The discovery of C diff’s ability to harness heme to shield itself from the body’s immune responses hopefully brings a new dimension to the fight against the damaging pathogen.
The bacterium Clostridioides difficile (C diff), can cause significant inflammation in the gastrointestinal tract, often resulting in diarrhea and bleeding in those who contract it. C. diff is a major health threat to people, particularly older adults who have extended stays in nursing homes or hospitals, and can even lead to death. It can be very difficult to knock out, and recurrent infections are not unusual.
A new report may shed some light on why C diff is so hardy and tough to defeat. Scientists recently discovered that C. diff is able to zero in on heme, a cofactor of the red blood cell protein hemoglobin, and repurpose it as a barrier against antibiotics and the body’s natural immune responses.
In a study published in Cell Host & Microbe, a team at Vanderbilt University Medical Center in Nashville described this process. When a person contracts C diff and experiences inflammation and tissue damage, blood cells lyse, or burst open. This lysis releases heme, the part of blood that attaches iron to oxygen and gives blood its red color. But like a shark smelling blood in the water, C diff deploys a unique protein system to capture the heme as soon as it is released from the cells. The heme is bound and turned into a protective mechanism, enabling the bacteria to blunt the impact of therapies employed against it.

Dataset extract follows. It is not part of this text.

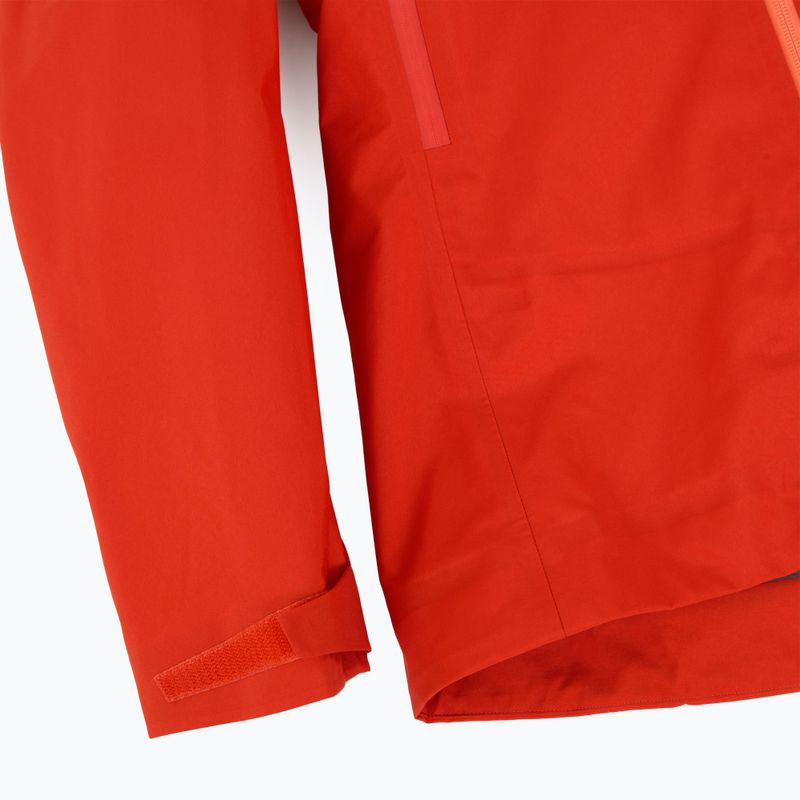 Kurtka przeciwdeszczowa damska Patagonia Pluma Pro sizzle red 5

Scientists named the protein system HsmRA, for heme sensing membrane proteins R and A, which work in tandem. “All of this heme is dumped at the site of infection, and the HsmR can sense this key molecule of blood,” Eric Skaar, PhD, MPH, director of the Institute for Infection, Immunology & Inflammation at Vanderbilt University Medical Center and an author of the study, told Contagion. HsmR then activates HsmA, which binds to the heme sensed by HsmR by coating it with a protein heme complex. This protects the pathogen from the oxidative stress generated by immune-system molecules.
It doesn’t take much heme to activate the expression of HsmRA, which is quite sensitive and revs into action immediately upon sensing heme. “When 1 red blood cell pops, there’s clearly enough heme,” Skaar said.
HsmRA, however, doesn’t do its work entirely on its own. Because heme is highly reactive and consequently toxic to C diff, a second system called HatRT works to pump out excess heme and protect the bacteria from heme’s damaging effects. The two systems operate in concert to allow C diff to flourish.
As HsmA enables the reduction of oxidative stress against C diff, the scientists discovered that the protein system might protect the pathogen from the actions of antibiotics, which are commonly prescribed to treat C diff. “The most exciting thing, from a clinical or therapeutic standpoint, is that HsmRA makes the bacteria inherently resistant to oxidizing compounds,” Skaar said, mentioning vancomycin and metronidazole, 2 standard antibiotics prescribed for the infection.
Although scientists don’t understand the exact mechanisms behind how C. diff survives and thrives in the gut, the revelation of HsmRA’s actions brings experts a step closer to finding ways to blunt the bacteria’s ability to protect itself. Skaar mentioned that therapeutics reducing inflammation in the gut might possibly prevent some of the damage from C. diff, as might heme chelators that would bond to heme and prevent it from stimulating HsmRA’s protective actions. There currently are no commercially available heme chelators, although “conceptually, at least, it’s a really interesting idea,” he said.